IIRC queer was a term people used to refer to LGBTA people because the term means "not normal"

essentially calling queer people not normal

it's got a new definition now tho

cus that's what languages do


----------



## Ashtot (Jan 16, 2016)

queer is like peculiar


----------



## Yoshisaur (Jan 16, 2016)

Esphas said:


> lol this thread is gay


Fake and gay


----------



## oath2order (Jan 16, 2016)

jinico said:


> nah its anything that falls under LGBT+, ace is included
> 
> anyway i actually really hate that it's become a term for that considering it has been and still is a slur that's commonly used against lgbt people



maybe it's a cultural thing but honestly i have never heard anybody use queer as a slur.
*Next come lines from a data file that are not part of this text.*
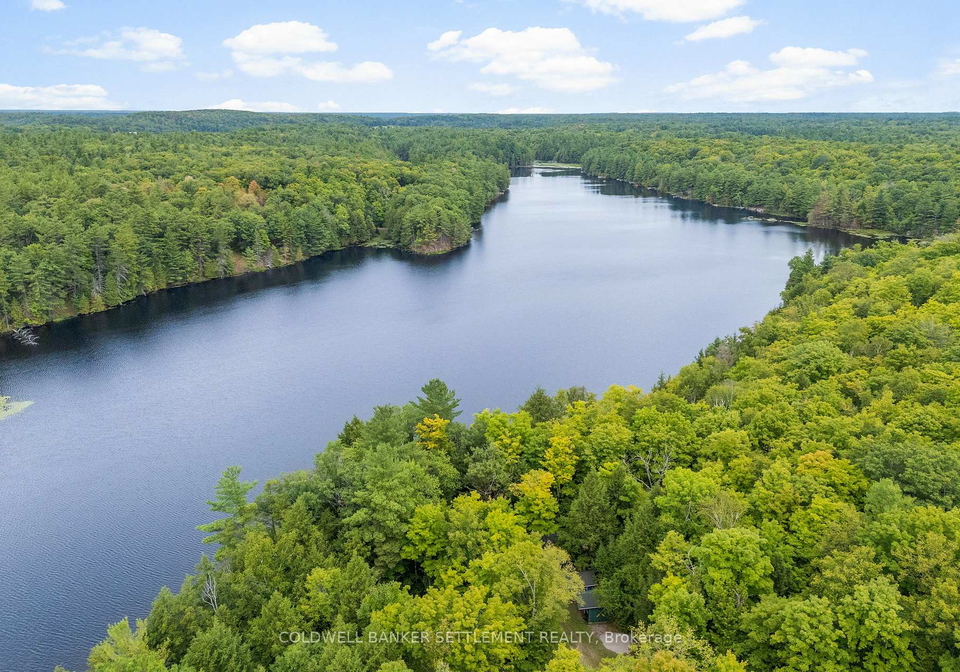 1490-macdonald-lane-frontenac-ontario-x12356262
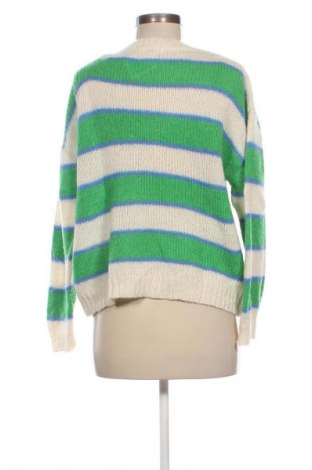 Дамски пуловер Season, Размер S, Цвят Многоцветен, Цена 10,73 €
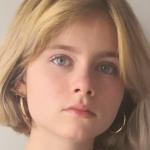 Eva-Luuna Mathues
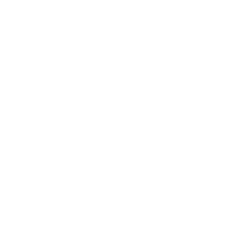 ukas مدیریت کیفیت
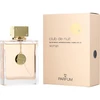 Image de Club De Nuit - Armaf Eau De Parfum Spray 200 ml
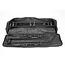 Sonik IntelX Skybase Pod - 3-Rods - Rodpod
Most people just go for f*g or ****.


----------



## Yoshisaur (Jan 16, 2016)

Thanks for the help everybody


----------



## seliph (Jan 16, 2016)

oath2order said:


> maybe it's a cultural thing but honestly i have never heard anybody use queer as a slur.
> 
> Most people just go for f*g or ****.



I heard it a lot in middle + highschool, i guess it just depends where you are? granted I haven't heard it nearly as much as those two.


----------



## Izzy Reincarnated (Jan 16, 2016)

It means weird or strange


----------



## ZetaFunction (Jan 16, 2016)

Queer can mean weird or strange, or in certain cases, when used with a sarcastic tone, it can mean someone is gay/lesbian/bi/trans/etc.


----------



## Shimmer (Jan 16, 2016)

I thought that genderqueer was a different thing from being gay or bi?


----------



## Kapriznyy (Jan 16, 2016)

Queer was used as a slur a lot more in previous years than it is recently, since there are efforts to reclaim it, but it still is definitely a slur so be mindful of your company if you decide to use that term.


----------



## Yoshisaur (Jan 17, 2016)

Shimmer said:


> I thought that genderqueer was a different thing from being gay or bi?



Not gender queer but queer in general was what I was asking. I only ever knew it as a slur but now I saw someone say that they were queer but not gay and so I felt slightly confused but alas it's now an umbrella term for everyone who considers to be LGBT+

edit: wow i got some killer run-on sentence skills


----------



## Izzy Reincarnated (Jan 17, 2016)

Yoshisaur said:


> Not gender queer but queer in general was what I was asking. I only ever knew it as a slur but now I saw someone say that they were queer but not gay and so I felt slightly confused but alas it's now an umbrella term for everyone who considers to be LGBT+



labels are dumb

im me 

あたしはあたし


----------



## Goth (Jan 17, 2016)

Esphas said:


> lol this thread is gay



Gay jokes that are actually acceptable

also queer was used as an insult in the usa in case people didn't know sometimes it still is but like others I don't like it


----------



## radical6 (Jan 17, 2016)

oath2order said:


> maybe it's a cultural thing but honestly i have never heard anybody use queer as a slur.
> 
> Most people just go for f*g or ****.



ive been called a queer pretty often, never those slurs though
also im curious why you censor the f slur but not the lesbian one (not beign hostile or anything but im assuming its coz of the filter)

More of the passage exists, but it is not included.